**Exercise requirements:**
Using the listing below, show all lines that hold the word "Multi".

**Data supplied:**

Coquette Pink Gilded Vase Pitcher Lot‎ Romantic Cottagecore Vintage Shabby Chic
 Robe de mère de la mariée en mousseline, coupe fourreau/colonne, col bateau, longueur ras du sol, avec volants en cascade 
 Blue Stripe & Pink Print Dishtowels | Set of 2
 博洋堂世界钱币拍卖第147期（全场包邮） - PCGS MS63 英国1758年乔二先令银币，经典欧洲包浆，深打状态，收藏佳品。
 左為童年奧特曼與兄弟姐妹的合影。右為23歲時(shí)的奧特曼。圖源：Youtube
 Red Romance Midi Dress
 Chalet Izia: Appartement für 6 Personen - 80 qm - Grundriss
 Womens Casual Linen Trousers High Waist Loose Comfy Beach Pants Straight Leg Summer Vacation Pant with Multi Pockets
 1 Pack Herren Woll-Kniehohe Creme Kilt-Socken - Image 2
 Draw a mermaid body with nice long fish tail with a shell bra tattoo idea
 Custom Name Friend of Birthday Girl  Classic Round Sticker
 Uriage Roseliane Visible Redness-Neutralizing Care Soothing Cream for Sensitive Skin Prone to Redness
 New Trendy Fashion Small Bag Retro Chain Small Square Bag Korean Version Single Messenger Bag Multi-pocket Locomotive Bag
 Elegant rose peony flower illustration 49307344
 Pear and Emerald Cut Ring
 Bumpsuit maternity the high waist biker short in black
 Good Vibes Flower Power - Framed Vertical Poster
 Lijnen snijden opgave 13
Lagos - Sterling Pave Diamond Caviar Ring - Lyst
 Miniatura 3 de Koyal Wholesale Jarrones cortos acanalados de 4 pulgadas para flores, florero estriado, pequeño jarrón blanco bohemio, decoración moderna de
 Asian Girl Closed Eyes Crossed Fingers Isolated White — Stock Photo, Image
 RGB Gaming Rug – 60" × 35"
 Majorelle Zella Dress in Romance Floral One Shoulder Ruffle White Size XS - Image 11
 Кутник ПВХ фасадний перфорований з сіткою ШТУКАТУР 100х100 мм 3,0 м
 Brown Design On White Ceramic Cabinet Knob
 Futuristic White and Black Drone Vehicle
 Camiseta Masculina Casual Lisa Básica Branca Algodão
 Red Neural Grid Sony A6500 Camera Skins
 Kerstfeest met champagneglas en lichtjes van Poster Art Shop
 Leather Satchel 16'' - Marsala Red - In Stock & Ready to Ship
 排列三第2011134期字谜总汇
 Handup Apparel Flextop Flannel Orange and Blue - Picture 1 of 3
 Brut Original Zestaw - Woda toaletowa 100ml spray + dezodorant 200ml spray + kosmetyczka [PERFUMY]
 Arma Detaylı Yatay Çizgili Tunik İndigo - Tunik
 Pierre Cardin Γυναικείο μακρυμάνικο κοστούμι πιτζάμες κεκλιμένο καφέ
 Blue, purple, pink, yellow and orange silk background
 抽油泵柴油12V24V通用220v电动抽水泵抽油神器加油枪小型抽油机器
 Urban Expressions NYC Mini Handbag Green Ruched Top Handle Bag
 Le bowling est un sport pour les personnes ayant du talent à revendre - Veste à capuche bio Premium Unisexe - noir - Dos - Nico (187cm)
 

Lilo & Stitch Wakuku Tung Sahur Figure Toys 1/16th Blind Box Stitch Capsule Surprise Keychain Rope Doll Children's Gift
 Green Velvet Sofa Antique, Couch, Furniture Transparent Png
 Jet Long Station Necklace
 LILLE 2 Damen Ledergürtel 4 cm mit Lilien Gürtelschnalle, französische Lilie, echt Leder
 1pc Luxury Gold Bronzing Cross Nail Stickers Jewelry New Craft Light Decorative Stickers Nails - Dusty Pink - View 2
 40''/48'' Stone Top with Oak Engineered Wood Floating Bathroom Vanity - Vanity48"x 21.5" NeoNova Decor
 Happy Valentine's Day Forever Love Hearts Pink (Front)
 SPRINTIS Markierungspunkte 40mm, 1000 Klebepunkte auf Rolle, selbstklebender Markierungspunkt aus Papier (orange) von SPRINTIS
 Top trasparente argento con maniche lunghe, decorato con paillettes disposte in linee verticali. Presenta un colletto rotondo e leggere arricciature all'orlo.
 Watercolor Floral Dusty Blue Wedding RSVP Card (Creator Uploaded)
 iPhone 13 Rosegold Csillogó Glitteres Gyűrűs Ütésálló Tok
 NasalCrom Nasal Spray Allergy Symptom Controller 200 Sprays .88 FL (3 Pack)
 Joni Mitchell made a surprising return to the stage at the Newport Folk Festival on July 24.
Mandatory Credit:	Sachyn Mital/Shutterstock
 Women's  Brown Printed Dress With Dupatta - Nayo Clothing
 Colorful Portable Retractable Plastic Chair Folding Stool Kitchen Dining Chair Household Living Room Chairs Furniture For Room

**Solution to this problem:**
 Womens Casual Linen Trousers High Waist Loose Comfy Beach Pants Straight Leg Summer Vacation Pant with Multi Pockets
 New Trendy Fashion Small Bag Retro Chain Small Square Bag Korean Version Single Messenger Bag Multi-pocket Locomotive Bag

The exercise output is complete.